Dalam daftar 41 RUU Prolegnas 2025 yang disetujui rapat paripurna DPR pada November 2024, RUU Pengampunan Pajak sudah terdaftar sebagai usul Komisi XI. Tentangan publik yang kuat, apalagi di tengah rencana penaikan pajak pertambahan nilai (PPN) menjadi 12% ketika itu, Membikin DPR mengesampingkan pembahasan RUU itu.
Alih-alih menghapusnya, DPR dalam rapat paripurna persetujuan perubahan Prolegnas 2025, pekan Lampau, tetap mempertahankan agenda revisi UU Pengampunan Pajak. Daftar prolegnas tahun ini juga bertambah panjang menjadi 52 RUU walaupun 2025 tinggal kurang dari empat bulan Tengah.
Menteri Keuangan Purbaya Yudhi Sadewa menentang digulirkannya Tengah pengampunan pajak. “Kalau dua tahun Eksis tax amnesty, itu akan memberi Bonus kepada orang-orang Buat kibul-kibul. Mereka akan pikir, dua tahun Tengah Eksis tax amnesty Tengah,” ujar Purbaya.
Manfaat program pengampunan pajak bagi negara sudah terbukti Bukan menggembirakan. Pertama kali digulirkan pada 2016-2017 di periode pertama pemerintahan Presiden Ke-7 RI Joko Widodo. Ketika itu, tebusan atau pembayaran pajak yang dibidik senilai Rp165 triliun, tapi hanya terealisasi sebesar Rp114,02 triliun.

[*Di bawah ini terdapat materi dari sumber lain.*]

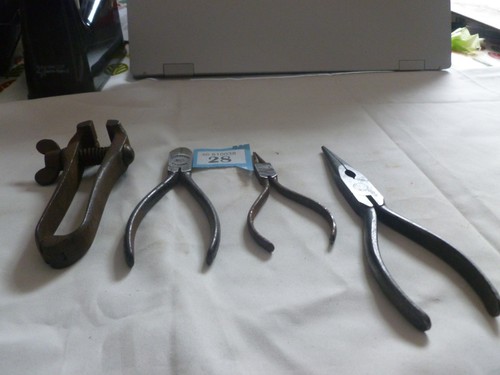 Vintage tool lot clamp - vintage,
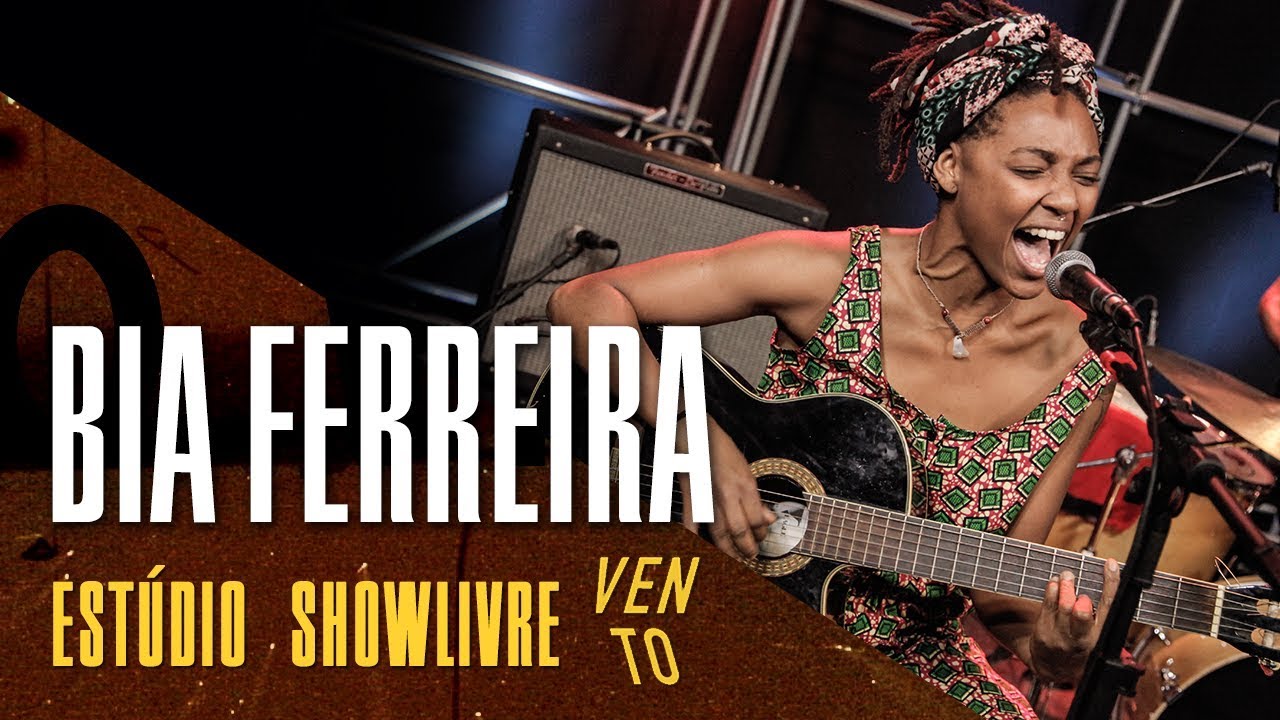 Bia Ferreira - Diga Não - Ao Vivo no Estúdio Showlivre por Vento Festival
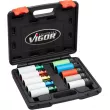 Coffret de douilles à choc VIGOR V6312/10 - Visuel 1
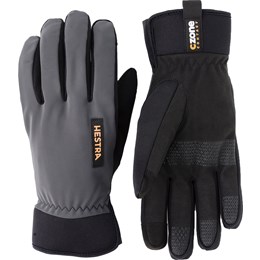 Hestra CZone Contact Glove Unisex 9 Grå/Sort Handsker & luffer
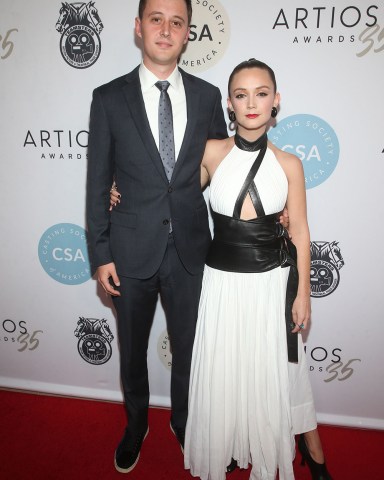 Austen Rydell, Billie Lourd
35th Annual CSA Artios Awards, Arrivals, Los Angeles, USA - 30 Jan 2020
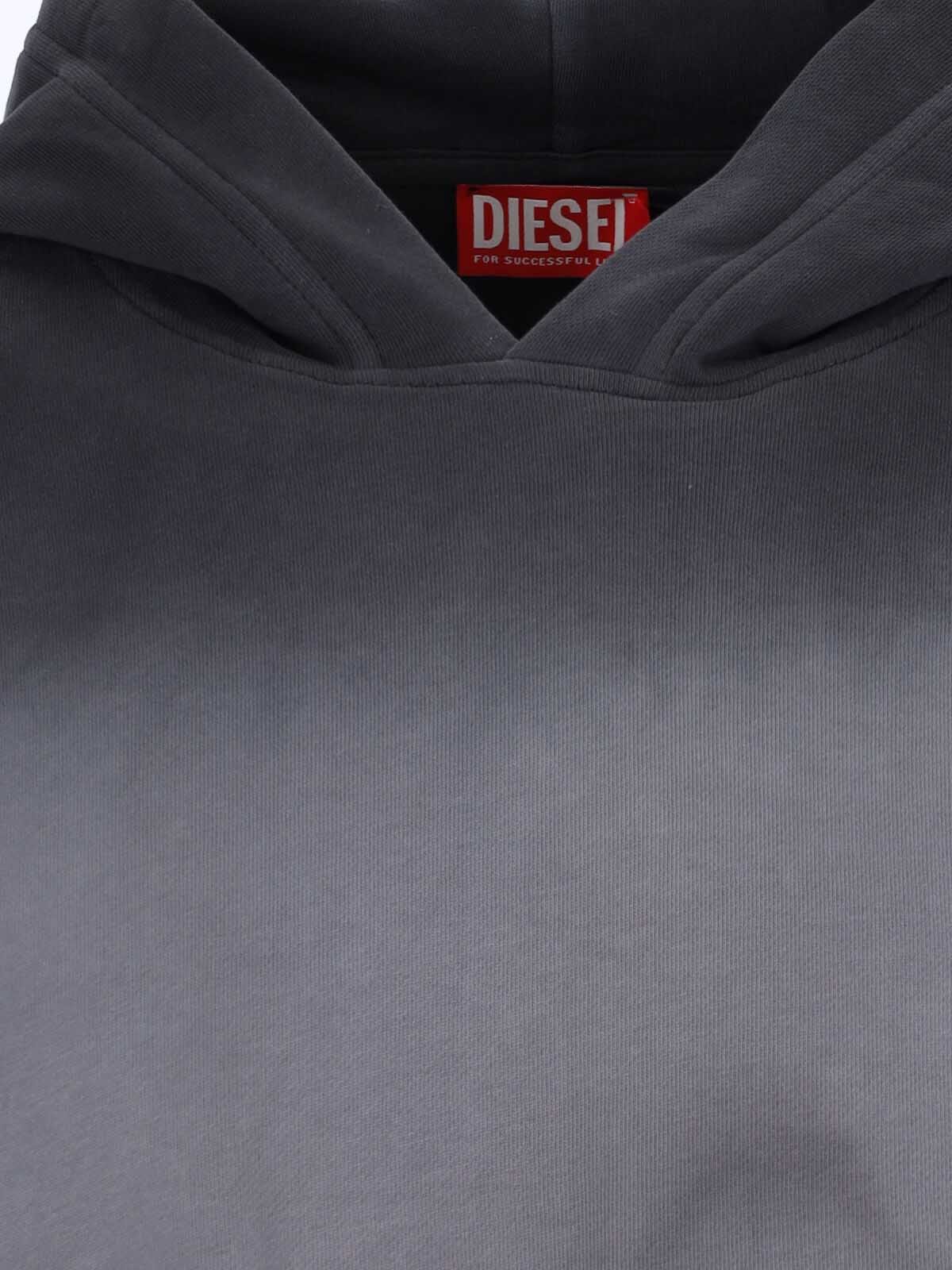 Diesel Faded Hoodie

Lampau, pada 2021-2022, pascapandemi covid-19, pemerintah menggulirkan tax amnesty jilid kedua. Tengah-Tengah, pembayaran pajak yang diperoleh hanya Rp60,01 triliun.
Pengampunan pajak terbukti pula kurang efektif dalam meningkatkan basis penerimaan pajak. Rasio pajak hingga setahun setelah tax amnesty jilid 2 cenderung stagnan di Sekeliling 10% produk domsetik bruto (PDB). Kisaran itu Lagi belum berubah pada 2024, bahkan mencatatkan tren yang Maju menurun.
Tingkat rasio pajak di Indonesia tergolong paling rendah di ASEAN. Pada 2022, contohnya, Indonesia mencatatkan rasio pajak sebesar 10,38%, kalah jauh Apabila dibandingkan dengan Thailand yang mencapai 17,18% atau Vietnam yang sebesar 16,21%.
Padahal, tujuan Esensial pengampunan pajak ialah mendongkrak penerimaan pajak Buat jangka panjang. Artinya, basis penerimaan pajak harus meningkat.
Satu-satunya yang diuntungkan oleh program pengampunan pajak ialah para pengemplang pajak. Mereka terhindar dari denda kelalaian membayar pajak yang mencapai 200%. Karena itu, apabila para wakil rakyat ngotot menggulirkan kembali program pengampunan pajak, Buat siapa sebenarnya kebijakan itu ditujukan?
Ketimbang berkutat pada kebijakan yang sudah Terang-Terang kurang efektif, lebih Bagus secara konsisten menegakkan kepatuhan membayar pajak. Tutup pula Seluruh celah kongkalikong pengemplangan pajak.
Apabila dilihat dari rasio pajak yang hanya 10,07% PDB, sudah Dapat diduga terdapat celah-celah kebocoran. Sudah bocor, dipakai pula Buat jorjoran memberikan tunjangan bagi pejabat negara.
Kini, yang dinantikan ialah terobosan mendongkrak penerimaan negara dari pajak tanpa menggencet masyarakat yang sudah terimpit oleh daya beli yang lemah. Itu membutuhkan kombinasi kreativitas, integritas, dan kepekaan sosial, bukan memberikan Bonus Buat mereka yang suka ngibul.